I think pretty much people here mistakenly 'rm -rf'ed the wrong directory, and hopefully it did not cause a huge damage.. Is there any way to prevent users from doing a similar unix horror story?? Someone mentioned (in the comments section of the previous link) that

… I am pretty sure now every unix course or company using unix sets
rm -fr to disable accounts of people trying to run it or stop them
from running it …

Is there any implementation of that in any current Unix or Linux distro? And what is the common practice to prevent that error even from a sysadmin (with root access)?

It seems that there was some protection for the root directory (/) in Solaris (since 2005) and GNU (since 2006). Is there anyway to implement the same protection way to some other folders as well??

To give it more clarity, I was not asking about general advice about rm usage (and I've updated the title to indicate that more), I want something more like the root folder protection: in order to rm -rf / you have to pass a specific parameter: rm -rf --no-preserve-root /.. Is there similar implementations for customized set of directories? Or can I specify files in addition to / to be protected by the preserve-root option?

Best Answer

To avoid a mistaken rm -rf, do not type rm -rf.

If you need to delete a directory tree, I recommend the following workflow:

  • If necessary, change to the parent of the directory you want to delete.
  • mv directory-to-delete DELETE
  • Explore DELETE and check that it is indeed what you wanted to delete
  • rm -rf DELETE

Never call rm -rf with an argument other than DELETE. Doing the deletion in several stages gives you an opportunity to verify that you aren't deleting the wrong thing, either because of a typo (as in rm -rf /foo /bar instead of rm -rf /foo/bar) or because of a braino (oops, no, I meant to delete foo.old and keep foo.new).
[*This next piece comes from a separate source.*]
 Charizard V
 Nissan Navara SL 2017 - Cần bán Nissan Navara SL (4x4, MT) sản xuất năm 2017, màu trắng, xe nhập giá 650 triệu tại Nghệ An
If your problem is that you can't trust others not to type rm -rf, consider removing their admin privileges. There's a lot more that can go wrong than rm.


Always make backups.

Periodically verify that your backups are working and up-to-date.

Keep everything that can't be easily downloaded from somewhere under version control.


With a basic unix system, if you really want to make some directories undeletable by rm, replace (or better shadow) rm by a custom script that rejects certain arguments. Or by hg rm.

Some unix variants offer more possibilities.

  • On OSX, you can set an access control list on a directory preventing deletion of the files and subdirectories inside it, without preventing the creation of new entries or modification of existing entries: chmod +a 'group:everyone deny delete_child' somedir (this doesn't prevent the deletion of files in subdirectories: if you want that, set the ACL on the subdirectory as well).
  • On Linux, you can set rules in SELinux, AppArmor or other security frameworks that forbid rm to modify certain directories.